A parent in England has begun legal action against his daughter’s school because it will not allow her to wear a veil which covers most of her face.
The Buckinghamshire school, which cannot be named, allows its 100 Muslim pupils to wear headscarves.
But the father of a 12-year-old pupil wants her to wear the niqab, covering the whole face except for the eyes.
The local council says the school might be forced to back down because of the high cost of the legal proceedings.
Buckinghamshire County Council says it has been advised the cost would be up to £500,000 and is considering whether it would it be right to fight the case as it would mean cutting funds to other schools and services.
The girl involved has not been excluded from the secondary school but has been asked not to come wearing the niqab.
The school says the full face veil does not comply with its uniform code because it hampers communication.
The pupil, who joined the school in September, has not been in lessons since October. She has had some tuition at home.

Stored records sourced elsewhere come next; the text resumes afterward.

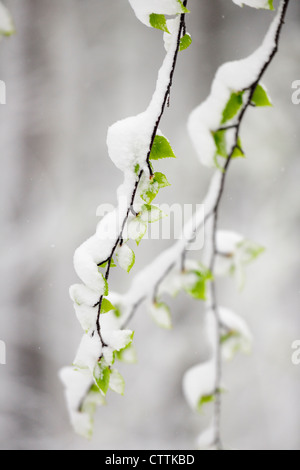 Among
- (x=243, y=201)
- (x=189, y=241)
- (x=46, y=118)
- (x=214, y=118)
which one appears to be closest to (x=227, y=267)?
(x=189, y=241)

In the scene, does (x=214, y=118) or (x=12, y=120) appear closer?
(x=214, y=118)

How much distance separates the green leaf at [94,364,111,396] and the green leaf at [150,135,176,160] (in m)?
0.19

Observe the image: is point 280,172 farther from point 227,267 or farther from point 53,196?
point 53,196

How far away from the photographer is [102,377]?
1.05 ft

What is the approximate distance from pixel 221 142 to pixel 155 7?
0.16m

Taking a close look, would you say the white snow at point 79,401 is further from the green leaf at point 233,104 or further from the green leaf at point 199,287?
the green leaf at point 233,104

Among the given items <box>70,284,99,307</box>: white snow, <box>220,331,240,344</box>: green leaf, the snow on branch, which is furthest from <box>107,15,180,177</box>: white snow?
<box>220,331,240,344</box>: green leaf

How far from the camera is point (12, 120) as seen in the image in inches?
30.1

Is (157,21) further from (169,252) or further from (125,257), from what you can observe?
(169,252)

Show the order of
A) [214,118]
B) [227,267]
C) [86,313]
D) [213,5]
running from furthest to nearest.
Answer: [213,5] < [227,267] < [214,118] < [86,313]

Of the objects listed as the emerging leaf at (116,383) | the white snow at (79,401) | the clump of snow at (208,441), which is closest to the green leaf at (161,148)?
the emerging leaf at (116,383)

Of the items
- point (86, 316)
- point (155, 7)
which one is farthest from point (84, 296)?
point (155, 7)

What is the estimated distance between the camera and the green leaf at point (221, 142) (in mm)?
416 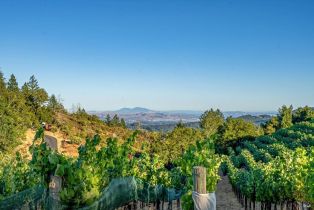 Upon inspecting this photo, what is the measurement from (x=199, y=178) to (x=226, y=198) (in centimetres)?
2352

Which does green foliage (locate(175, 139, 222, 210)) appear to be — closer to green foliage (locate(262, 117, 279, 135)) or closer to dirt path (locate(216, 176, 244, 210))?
dirt path (locate(216, 176, 244, 210))

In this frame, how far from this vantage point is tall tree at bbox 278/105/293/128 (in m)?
70.8

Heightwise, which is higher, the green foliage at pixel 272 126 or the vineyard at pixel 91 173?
the vineyard at pixel 91 173

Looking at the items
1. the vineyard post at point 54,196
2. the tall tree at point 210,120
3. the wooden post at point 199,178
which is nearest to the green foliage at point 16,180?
the vineyard post at point 54,196

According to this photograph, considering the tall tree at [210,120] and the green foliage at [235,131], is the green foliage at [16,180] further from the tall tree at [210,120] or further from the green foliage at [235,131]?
the tall tree at [210,120]

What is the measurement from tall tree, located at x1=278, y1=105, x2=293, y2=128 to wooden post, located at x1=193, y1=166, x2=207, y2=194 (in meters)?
65.7

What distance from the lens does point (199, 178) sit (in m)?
5.53

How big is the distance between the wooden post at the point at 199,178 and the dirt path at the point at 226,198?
1809cm

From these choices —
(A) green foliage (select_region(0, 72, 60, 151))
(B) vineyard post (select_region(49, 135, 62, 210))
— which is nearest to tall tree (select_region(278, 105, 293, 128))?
(A) green foliage (select_region(0, 72, 60, 151))

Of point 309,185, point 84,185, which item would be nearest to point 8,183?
point 84,185

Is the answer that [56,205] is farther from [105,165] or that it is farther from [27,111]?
[27,111]

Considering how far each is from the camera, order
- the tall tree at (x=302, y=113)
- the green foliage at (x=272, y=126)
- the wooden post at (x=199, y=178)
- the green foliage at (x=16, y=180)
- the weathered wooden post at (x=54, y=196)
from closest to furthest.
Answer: the wooden post at (x=199, y=178) → the weathered wooden post at (x=54, y=196) → the green foliage at (x=16, y=180) → the green foliage at (x=272, y=126) → the tall tree at (x=302, y=113)

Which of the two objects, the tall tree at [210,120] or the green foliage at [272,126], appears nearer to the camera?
the green foliage at [272,126]

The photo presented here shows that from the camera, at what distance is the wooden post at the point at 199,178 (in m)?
5.51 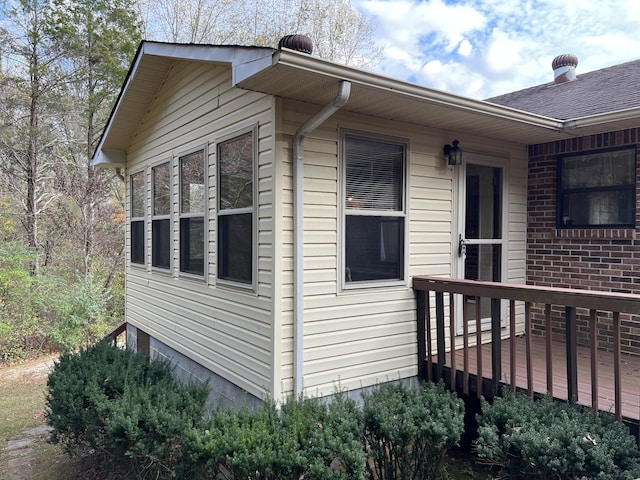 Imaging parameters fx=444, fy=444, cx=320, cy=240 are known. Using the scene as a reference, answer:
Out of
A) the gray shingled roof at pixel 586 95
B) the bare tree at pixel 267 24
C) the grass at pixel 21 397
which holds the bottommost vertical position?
the grass at pixel 21 397

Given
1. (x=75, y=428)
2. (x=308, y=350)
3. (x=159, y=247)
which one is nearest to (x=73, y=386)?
(x=75, y=428)

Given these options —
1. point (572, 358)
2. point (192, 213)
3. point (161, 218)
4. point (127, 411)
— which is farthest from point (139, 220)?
point (572, 358)

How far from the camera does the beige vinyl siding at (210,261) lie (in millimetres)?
3664

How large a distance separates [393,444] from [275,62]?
8.76ft

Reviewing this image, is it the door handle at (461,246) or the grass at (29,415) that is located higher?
the door handle at (461,246)

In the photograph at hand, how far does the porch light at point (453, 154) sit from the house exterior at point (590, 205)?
1.13 meters

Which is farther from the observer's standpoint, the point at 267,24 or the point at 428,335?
the point at 267,24

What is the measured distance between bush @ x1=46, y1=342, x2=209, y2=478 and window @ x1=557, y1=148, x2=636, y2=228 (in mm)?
Result: 4353

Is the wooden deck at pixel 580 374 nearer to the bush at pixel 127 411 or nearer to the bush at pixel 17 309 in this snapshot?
the bush at pixel 127 411

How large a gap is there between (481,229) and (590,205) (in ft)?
4.04

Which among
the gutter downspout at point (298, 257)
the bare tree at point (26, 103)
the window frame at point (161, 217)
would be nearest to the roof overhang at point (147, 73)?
the gutter downspout at point (298, 257)

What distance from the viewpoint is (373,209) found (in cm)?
397

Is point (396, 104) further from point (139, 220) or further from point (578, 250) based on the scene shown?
point (139, 220)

Her father is seeking a ruling through a judicial review in the High Court in London. The family and the school cannot be identified for legal reasons.
A hearing is due early next month to decide whether the review should go ahead.

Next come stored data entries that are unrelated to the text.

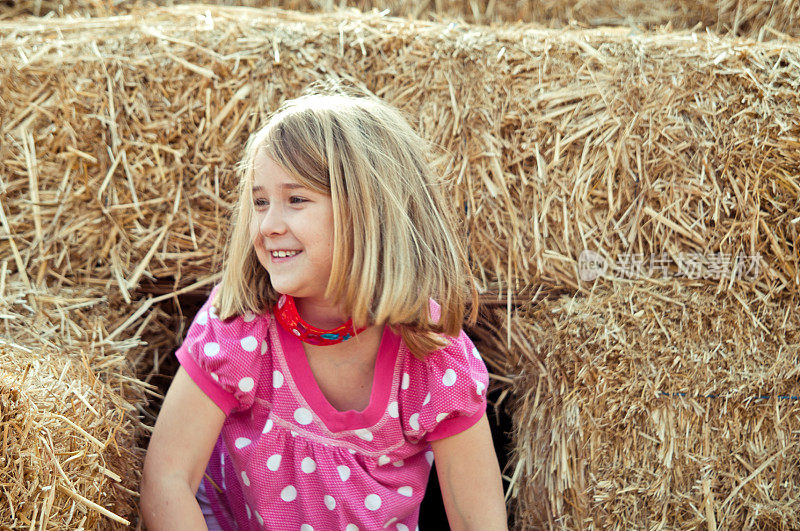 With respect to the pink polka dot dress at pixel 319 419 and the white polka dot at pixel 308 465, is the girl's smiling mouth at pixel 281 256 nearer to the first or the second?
the pink polka dot dress at pixel 319 419

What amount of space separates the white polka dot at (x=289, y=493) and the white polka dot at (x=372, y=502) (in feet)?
0.47

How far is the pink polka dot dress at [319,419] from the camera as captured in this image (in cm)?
136

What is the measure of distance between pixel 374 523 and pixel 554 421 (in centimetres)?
47

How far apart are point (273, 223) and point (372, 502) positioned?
0.58 m

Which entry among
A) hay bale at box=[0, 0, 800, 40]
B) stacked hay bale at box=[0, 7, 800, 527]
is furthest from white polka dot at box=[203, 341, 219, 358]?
hay bale at box=[0, 0, 800, 40]

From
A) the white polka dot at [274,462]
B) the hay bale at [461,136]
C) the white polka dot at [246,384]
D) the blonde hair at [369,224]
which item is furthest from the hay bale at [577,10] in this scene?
the white polka dot at [274,462]

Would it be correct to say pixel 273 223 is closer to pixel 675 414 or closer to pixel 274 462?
pixel 274 462

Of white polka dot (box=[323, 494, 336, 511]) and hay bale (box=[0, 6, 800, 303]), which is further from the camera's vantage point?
hay bale (box=[0, 6, 800, 303])

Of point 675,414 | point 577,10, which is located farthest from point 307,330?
point 577,10

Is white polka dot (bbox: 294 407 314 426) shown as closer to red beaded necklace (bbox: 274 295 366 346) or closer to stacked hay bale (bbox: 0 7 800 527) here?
red beaded necklace (bbox: 274 295 366 346)

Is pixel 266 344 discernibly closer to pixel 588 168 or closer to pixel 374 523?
pixel 374 523

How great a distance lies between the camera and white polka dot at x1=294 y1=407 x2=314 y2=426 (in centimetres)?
138

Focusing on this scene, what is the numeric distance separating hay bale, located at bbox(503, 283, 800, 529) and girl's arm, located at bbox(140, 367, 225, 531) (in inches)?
29.8

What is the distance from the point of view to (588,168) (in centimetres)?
164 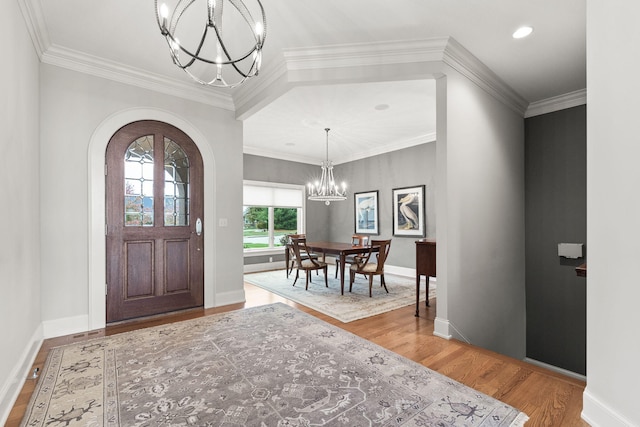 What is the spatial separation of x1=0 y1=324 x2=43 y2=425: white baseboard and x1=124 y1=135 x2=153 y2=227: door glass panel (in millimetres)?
1275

However, there are doubts about whether the school will be able to defend its position.
Buckinghamshire County Council is reluctant to meet the legal costs even though it supports the school’s decision, saying there are more pressing demands on its funds.

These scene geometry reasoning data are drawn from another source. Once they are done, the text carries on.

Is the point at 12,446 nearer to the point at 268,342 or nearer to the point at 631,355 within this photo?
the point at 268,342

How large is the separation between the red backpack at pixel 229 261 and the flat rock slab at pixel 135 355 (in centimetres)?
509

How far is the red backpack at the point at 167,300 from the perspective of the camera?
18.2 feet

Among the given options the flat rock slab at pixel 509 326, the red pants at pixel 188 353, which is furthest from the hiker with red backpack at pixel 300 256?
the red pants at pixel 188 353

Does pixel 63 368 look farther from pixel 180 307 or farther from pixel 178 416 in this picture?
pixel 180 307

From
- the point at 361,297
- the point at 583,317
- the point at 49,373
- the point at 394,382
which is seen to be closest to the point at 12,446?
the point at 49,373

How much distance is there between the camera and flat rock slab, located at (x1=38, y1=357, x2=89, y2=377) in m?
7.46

It says the school has been trying hard to reach a compromise with the girl’s parents.
The councillor in charge of the county’s schools, Marion Clayton, said: “I can confirm that a parent has asked for a judicial review regarding his daughter not being allowed to attend a Buckinghamshire school wearing a niqab.
“Neither the school nor this council feel it is appropriate to comment on the issues of the case until the review, if any, has taken place.
“We have been working with the school throughout to try and achieve a resolution in the best interests of the pupil and the school.”
Last year, the Law Lords ruled that a Luton school was justified in banning the jilbab, a long gown, but it took a lengthy legal battle before this was established.
Government guidance says schools can decide their own uniform code in consultation with the community.